Certaines marques s'efforcent de saisir les opportunités à court terme dans ce contexte de crise.

Bien que la plupart des industries se contentent de budgets de marketing réduits, il est intéressant de noter que certaines marques font état d'une augmentation des investissements en marketing. Par exemple, les répondants du secteur des technologies et des télécommunications signalent des augmentations de budget deux fois plus importantes que leurs homologues du secteur des finances et des assurances (20% contre 9%). Des données complémentaires peuvent mettre en lumière ces disparités.
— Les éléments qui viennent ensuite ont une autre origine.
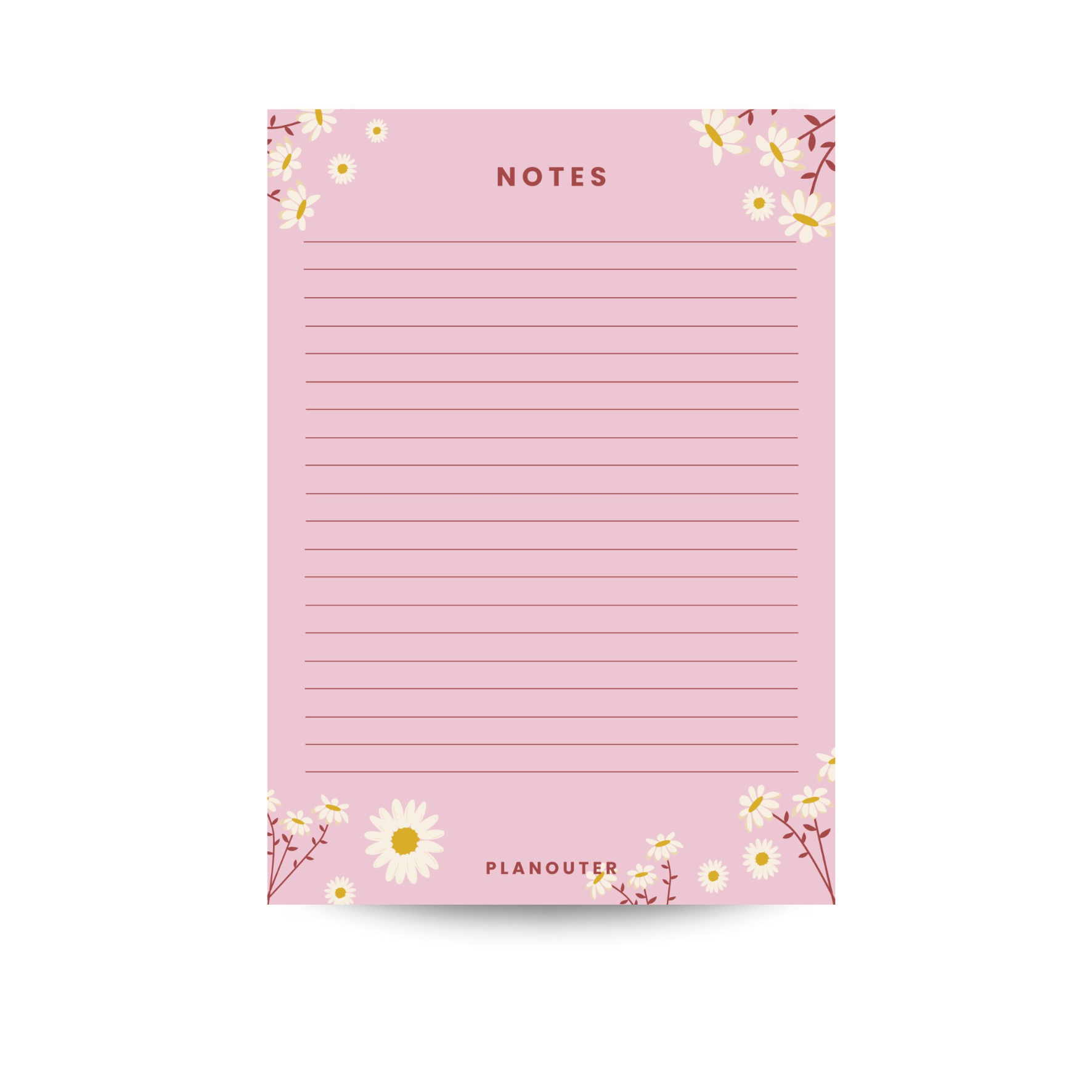 Pink Notes Box Daisy Pink Notes Notepad – PlanOuter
Par exemple, Dentsu Aegis Network suit de près les variations de la demande de recherche par catégorie de YOY. Au Royaume-Uni, la demande de recherche (sur les 30 derniers jours) pour la catégorie Électronique grand public est supérieure de 98% à celle de 2019, sur la même période, tandis que la demande de recherche pour la catégorie Assurance est inférieure de 44% à celle de l'année dernière à la même période. Notre enquête révèle également qu'il y a à peu près autant de répondants qui ont décidé d'expérimenter de nouveaux canaux que de marketeurs qui ont pris une décision plus conservatrice d'arrêter de dépenser, ce qui démontre encore plus la grande variété des réponses en ces temps difficiles.

En ce qui concerne les opportunités basées sur des événements, seul un marketeur sur cinq qui prévoyait de communiquer autour d'un événement majeur reporté à 2021 (par exemple, les Jeux olympiques d'été, le Championnat européen de l'UEFA) reportera 100% du budget prévu à l'année prochaine. La moitié (47%) déclare réaffecter ce budget à d'autres activités en 2020 et un tiers (31%) déclare opter pour une approche mixte 2020-21. Là encore, leurs décisions sont liées aux opportunités immédiates de chaque secteur : seuls 6% des répondants du secteur Technologies et télécommunications (une catégorie où la demande semble plus forte par rapport aux autres catégories) déclarent qu'ils reporteront entièrement ces budgets à 2021, tandis que 36% des répondants du secteur Voyages, tourisme et transports ont l'intention de reporter l'ensemble des budgets de ces événements à 2021, en espérant que les perturbations des voyages ne seront pas aussi importantes l'année prochaine.

 

La planification de la reprise se fait en ce moment-même.

Parallèlement aux mesures à court terme, la planification de la reprise occupe les marketeurs. Alors que de nombreux gouvernements nationaux annoncent progressivement l’assouplissement des restrictions en matière de confinement, les trois quarts des marketeurs (73%) ont déjà commencé à planifier la reprise. Moins d'un marketeurs sur dix déclare que la reprise n'est pas encore à l'ordre du jour de l'entreprise. En Amérique, les marketeurs sont légèrement en retard sur le reste du monde en matière de planification de la reprise (67% ont commencé à planifier la reprise contre 77% dans la région EMEA), et les entreprises orientées vers le commerce hors ligne (c'est-à-dire celles qui réalisent la plupart de leurs ventes par des canaux hors ligne) sont en avance sur les entreprises en ligne (75% contre 66%).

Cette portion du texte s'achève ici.